Review

From Paris With Love

Director    Pierre Morel
Starring    John Travolta, Jonathan Rhys Meyers, Kasia Smutniak, Richard Durden, Yin Bing, Amber Rose Revah, Eric Godon
Release    5 FEB (US) 26 FEB (UK)    Certificate 15
2 stars

Rob

3rd March 2010

Let me point out the elephant in the room here. I don't care for the title. It's neither imaginative nor catchy, and it's been nicked from Bond. The first poster was rubbish too. A gun with the Eiffel Tower as the barrel? It's crap, and probably made many people write the film off before they even caught a glimpse of Travolta's renegade CIA, Yul Brynner-resembling douche.

Keep the faith, doubters. From Paris With Love is written and produced by action aficionado Luc Besson and directed by his former cinematographer Pierre Morel, the man who convinced us Liam Neeson can play a hard bastard in Taken. It's fair to say these two French gents know action.
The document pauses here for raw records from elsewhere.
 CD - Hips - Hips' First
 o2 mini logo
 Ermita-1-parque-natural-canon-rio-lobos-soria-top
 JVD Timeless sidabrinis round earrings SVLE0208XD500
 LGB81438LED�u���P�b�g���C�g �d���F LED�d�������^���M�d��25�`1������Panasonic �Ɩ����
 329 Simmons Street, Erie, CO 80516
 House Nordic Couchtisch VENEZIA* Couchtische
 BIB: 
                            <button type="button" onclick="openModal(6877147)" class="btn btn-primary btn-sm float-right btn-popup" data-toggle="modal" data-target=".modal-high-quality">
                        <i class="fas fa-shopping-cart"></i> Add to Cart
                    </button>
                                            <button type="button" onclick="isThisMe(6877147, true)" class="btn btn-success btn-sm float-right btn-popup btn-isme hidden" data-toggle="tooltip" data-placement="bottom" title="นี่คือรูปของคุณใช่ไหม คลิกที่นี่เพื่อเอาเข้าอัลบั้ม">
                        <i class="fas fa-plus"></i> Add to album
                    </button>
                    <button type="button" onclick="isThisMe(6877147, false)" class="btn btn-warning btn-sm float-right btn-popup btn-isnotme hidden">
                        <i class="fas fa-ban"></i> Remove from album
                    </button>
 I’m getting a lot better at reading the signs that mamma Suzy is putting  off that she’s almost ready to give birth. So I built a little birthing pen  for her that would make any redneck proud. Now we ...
Jonathan Rhys Meyers plays James Reece, a personal aid to the US Ambassador in Paris and a part-time low-level CIA agent. He's partnered up with Charlie Wax (John Travolta), an unconventional, trigger-happy agent sent to Paris to uncover a terrorist plot. Cue countless punches, gun fights, slo-mo explosions, car chases and a lack of consistent plot. You've gotta love the French!
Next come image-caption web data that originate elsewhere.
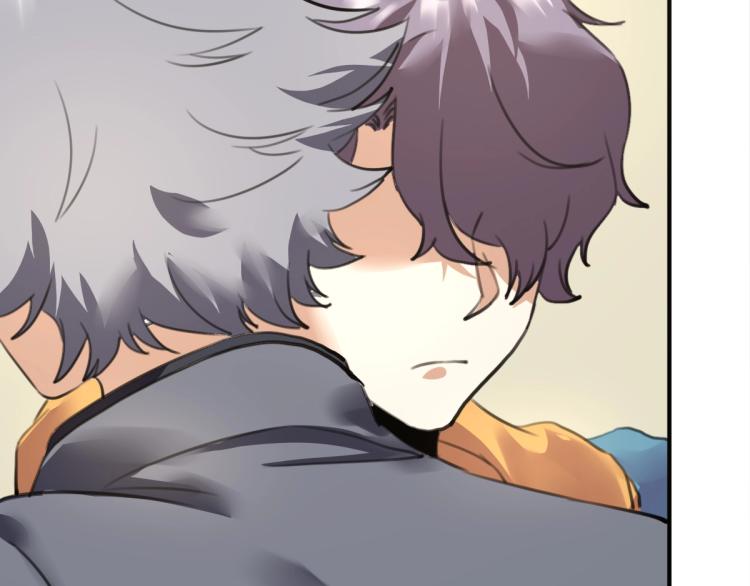 第55话 你什么也拿不走7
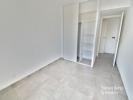 Acheter Programme neuf Toulouse 329900 euros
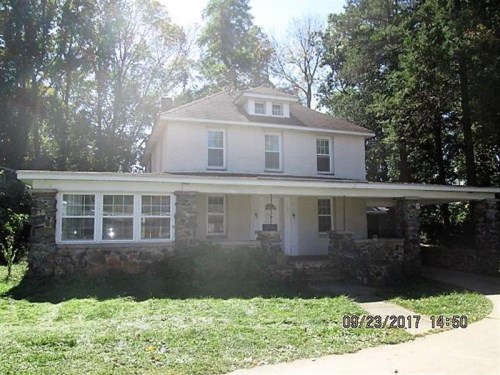 3502 OAK COURT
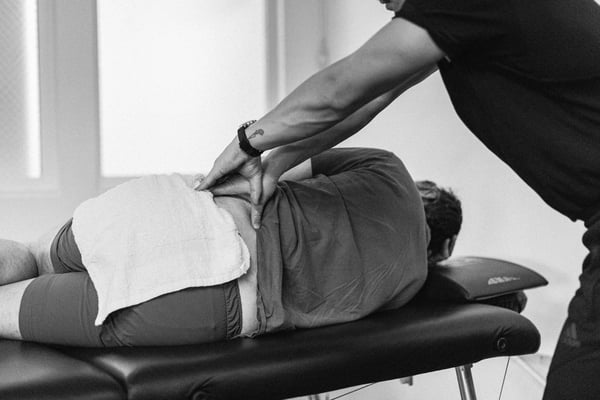 191223-Motiv-Details-Site-3425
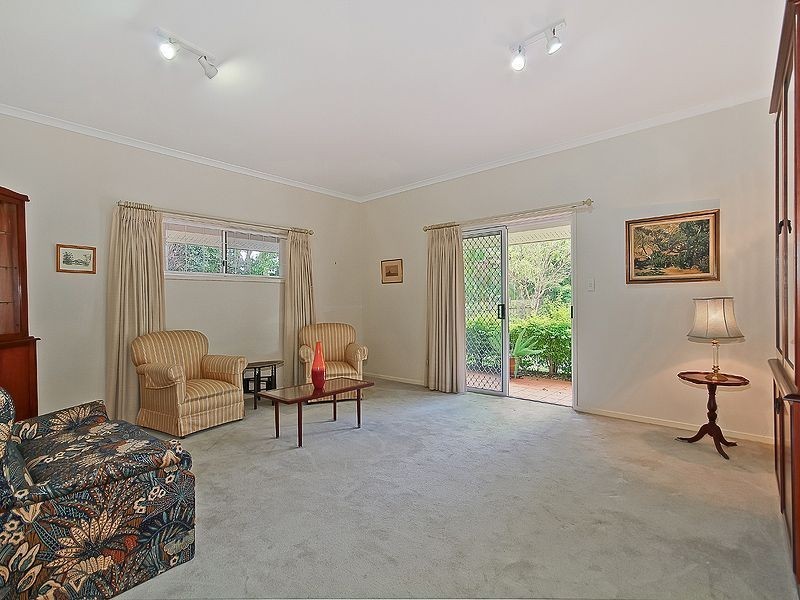 9 Tuna Street, Manly West QLD 4179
Despite the title, Paris has absolutely no bearing on the story whatsoever. They don't discover anything at The Louvre or drive around the Arc De Triomphe getting confused with who gives way to who. Reece and Wax (which sounds like a type of carwash) simply go up the Eiffel Tower for no real reason other than to remind us they are in France.

[gallery]Given that From Paris With Love is from the same brain that made Jason Statham a well-dressed FedEx delivery boy in The Transporter, you've probably guessed that the plot - as confusing and muddled as it is - plays second fiddle to the action. It's a good job Wax can connect the dots from cocaine to Chinese gangs to a terrorist attack, because you'll barely be able to. There are some impressive set-pieces, many of which consist of Wax running around firing a gun in all directions whilst Reece watches on in bemusement, tutting. But the 'slower' scenes of Reece and Wax wandering around Paris snorting cocaine from a vase and holding a man at gunpoint for his Nokia charger are laughable.

Despite the messy plot, both Travolta and Meyers make the most of the situation. Meyers plays it straight as the Mandarin-speaking logical half of this buddy movie set up, later channelling a James McAvoy-esque Wanted vibe. To honour being in France, he even grew a little moustache. How thoughtful of him.

It's Travolta, however, who steals the film. We first meet the unstable, OTT Charlie Wax as he belittles a French Customs officer with variations of the word 'fuck'. But despite Wax's arrogance, novel tactics and flagrant racism towards the French, Travolta gives a new lease of life to the tired old 'loose cannon' cop. Wax is Travolta's coolest character since Vincent Vega (although given his recent output, that's not much of a compliment).

Travolta's performance saves From Paris With Love from being a total write-off, and that alone is usually enough for the studio to greenlight a sequel. Use a different city - say, From London With Love - design the poster with Big Ben as a gun barrel, throw in some slow-mo gunfights around Tower Bridge, blow some shit up and the rest writes itself. It's just a shame it won't watch itself too.